Daniel Bacquelaine
La guerre intergénérationnelle aura-t-elle lieu?
Notre monde change. Aujourd’hui – et c’est tant mieux – des enfants peuvent échanger avec leurs arrière-grands-parents. Aujourd’hui, il n’est pas rare d’avoir simultanément des parents pensionnés et des grands-parents eux-mêmes pensionnés. Aujourd’hui, vu le coût des maisons de repos, il arrive que les pensionnés dépensent leur capital durant leurs dernières années. Aujourd’hui, on hérite de ses parents longtemps après que les enfants aient quitté la maison et parfois quand on est soi-même pensionné.
Notre système des pensions, adopté dans l’immédiat après-guerre, n’est plus adapté. A maints égards, il est même devenu injuste. Raison pour laquelle, depuis le début de cette législature, nous le réformons en profondeur. Il était plus que temps.

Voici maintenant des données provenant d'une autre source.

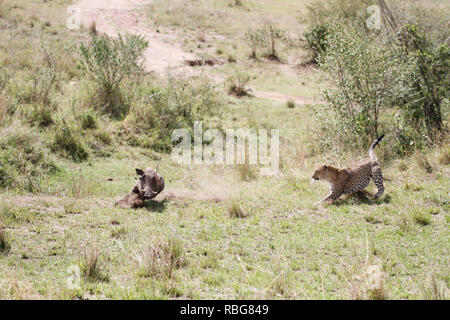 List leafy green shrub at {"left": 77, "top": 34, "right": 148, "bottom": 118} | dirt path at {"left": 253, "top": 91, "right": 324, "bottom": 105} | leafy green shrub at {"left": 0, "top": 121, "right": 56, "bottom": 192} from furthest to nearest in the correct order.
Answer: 1. dirt path at {"left": 253, "top": 91, "right": 324, "bottom": 105}
2. leafy green shrub at {"left": 77, "top": 34, "right": 148, "bottom": 118}
3. leafy green shrub at {"left": 0, "top": 121, "right": 56, "bottom": 192}

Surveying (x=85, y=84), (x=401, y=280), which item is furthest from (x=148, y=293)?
(x=85, y=84)

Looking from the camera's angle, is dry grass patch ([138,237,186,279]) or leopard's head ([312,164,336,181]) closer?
dry grass patch ([138,237,186,279])

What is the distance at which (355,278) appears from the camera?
4.86 meters

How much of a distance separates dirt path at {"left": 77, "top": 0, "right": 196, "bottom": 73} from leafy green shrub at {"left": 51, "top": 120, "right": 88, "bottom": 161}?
299 inches

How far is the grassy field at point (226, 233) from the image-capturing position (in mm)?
5020

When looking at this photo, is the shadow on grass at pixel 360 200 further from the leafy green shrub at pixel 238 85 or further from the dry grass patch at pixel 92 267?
the leafy green shrub at pixel 238 85

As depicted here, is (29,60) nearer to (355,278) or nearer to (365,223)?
(365,223)

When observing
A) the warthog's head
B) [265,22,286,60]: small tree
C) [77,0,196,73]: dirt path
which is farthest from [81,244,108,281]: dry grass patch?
[265,22,286,60]: small tree

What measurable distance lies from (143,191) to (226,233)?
2.14m

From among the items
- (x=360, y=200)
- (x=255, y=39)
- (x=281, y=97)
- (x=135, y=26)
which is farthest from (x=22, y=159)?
(x=255, y=39)

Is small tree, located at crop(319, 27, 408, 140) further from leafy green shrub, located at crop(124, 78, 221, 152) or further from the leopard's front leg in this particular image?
leafy green shrub, located at crop(124, 78, 221, 152)

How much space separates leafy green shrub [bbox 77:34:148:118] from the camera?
47.2 feet

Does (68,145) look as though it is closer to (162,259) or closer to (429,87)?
(162,259)

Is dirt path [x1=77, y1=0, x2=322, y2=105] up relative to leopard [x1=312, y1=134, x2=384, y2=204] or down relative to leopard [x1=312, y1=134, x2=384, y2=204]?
down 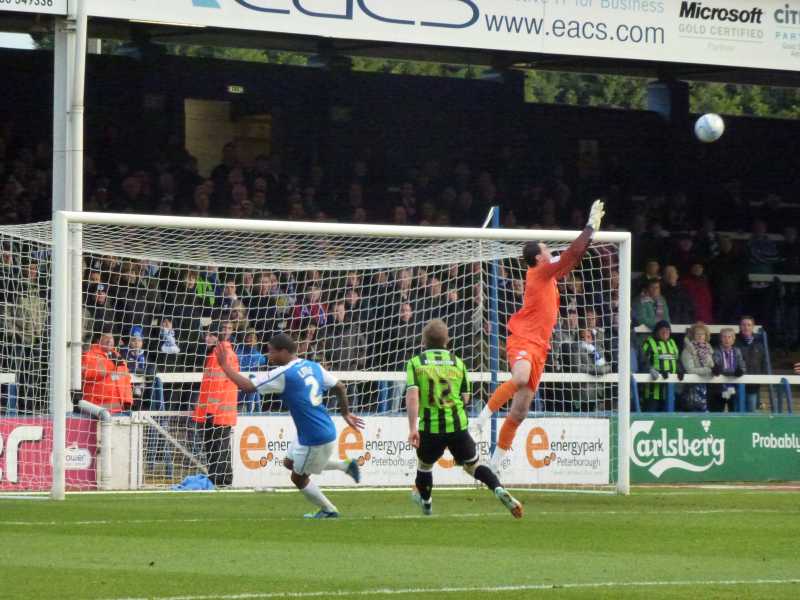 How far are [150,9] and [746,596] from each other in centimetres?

Je fais partie des baby-boomers, c’est-à-dire la génération née dans l’après-guerre encore nommée « génération bénie », celle qui a bénéficié des « trente glorieuses » à une époque où l’accès à l’emploi et au logement était plus aisé qu’il ne l’est aujourd’hui, qui a connu Mai 68, qui a bénéficié de la sécurité d’emploi et d’une hausse continue du salaire réel. Etant jeune, elle a emprunté en période de forte inflation à des taux d’intérêt réel négatif et, quand les taux sont remontés, elle a pu épargner. Il y a eu certes deux chocs pétroliers dans les années 70 mais il ont été amortis en partie par un colossal endettement public à une époque un peu désinvolte où le ministre socialiste des Finances d’alors déclarait : « le déficit est apparu comme un mauvais rhume et il disparaîtra de la même façon ».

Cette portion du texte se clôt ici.